I knew my sister still spoke to my mother. I guess she's a better person than I am because she's put up with more from my mother than I would have tolerated. Every time my sister called me with another story of heartbreak caused by our mother I was dumbfounded. How can that women still be capable of disappointing after so many years of disappointment? More importantly, how can my sister still handle the disappointment? I would be angry for my sister, angry at my mother, and sad that a mother-daughter relationship could be so empty. And so when I found out my sister was pregnant I knew it was her little world, the world that's part of both my world and our mother's world, that would set us on the path of contact. I didn't want to acknowledge the inevitable confrontation because I wanted to be happy for my sister. This is, after all, her moment; her moment to give life and experience the beauty of becoming a mother. I tried to not think about the woman that has filled so many hours of my life with sadness but as the baby shower drew nearer I knew I had to think about the reality of seeing her again.
I mentally prepared as much as I could. I told myself to put my sister front and center and to focus on her. I can be civil or at least I can try for the sake of my sister. However, she didn't show up today, even after saying she would. My anxiety over seeing her was dulled because, again, my sister was disappointed with something our mother didn't do. The look of resignation on her face when she accepted that our mother wasn't coming is one I wish she never had to wear. In that instant I wished our mother would have shown up. I wished it with all my heart. I wished that in that moment of celebrating the life that's growing inside her, my sister didn't also have to feel like her mother didn't care. The elation over expecting and becoming a mother was mixed with the disappointment that your own mother isn't there celebrating the amazing changes that lay ahead of you. There are so many things I wish I could protect my sister from. My path to motherhood was hard because I was dealing with the loss of my own mother and I don't want that to happen to my sister. I missed out on so much joy because when I should have been celebrating the beginning of my daughter's life I was also mourning the ending of my relationship with my mother.

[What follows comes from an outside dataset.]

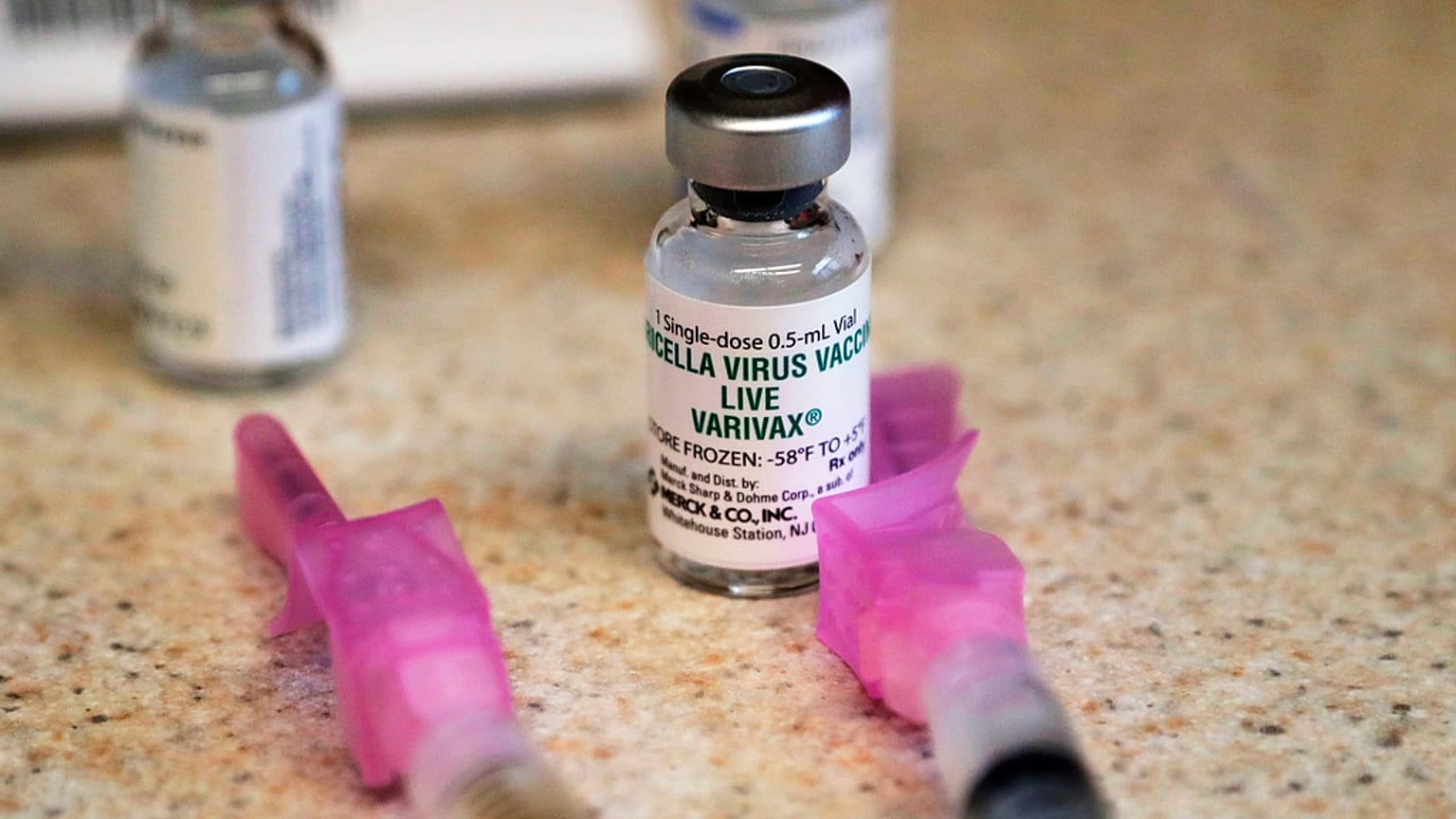 A chickenpox (also known as varicella) vaccine sits next to syringes and ready for a student at a free immunization clinic at a Seattle public school on Dec. 30, 2019, Seattle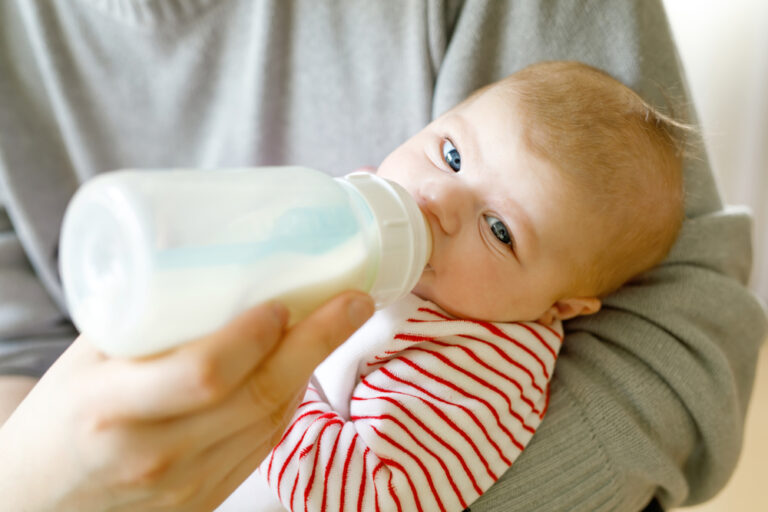 Parent feeding baby a bottle of formula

Today, right now, I am angry. Every person deserves a mother who loves them. No one deserves a mother who chooses to withhold that love. Life is full of disappointment but one should never be disappointed by the person who should be the one person who loves you without conditions, limitations, or restraints. Regardless of the obstacles or who's present, a parent should never choose to not be a part of something that means everything to their child. Now I hope our worlds collide just so I can say, "You've ruined it for me but don't ruin it for the the child who still has hope for you."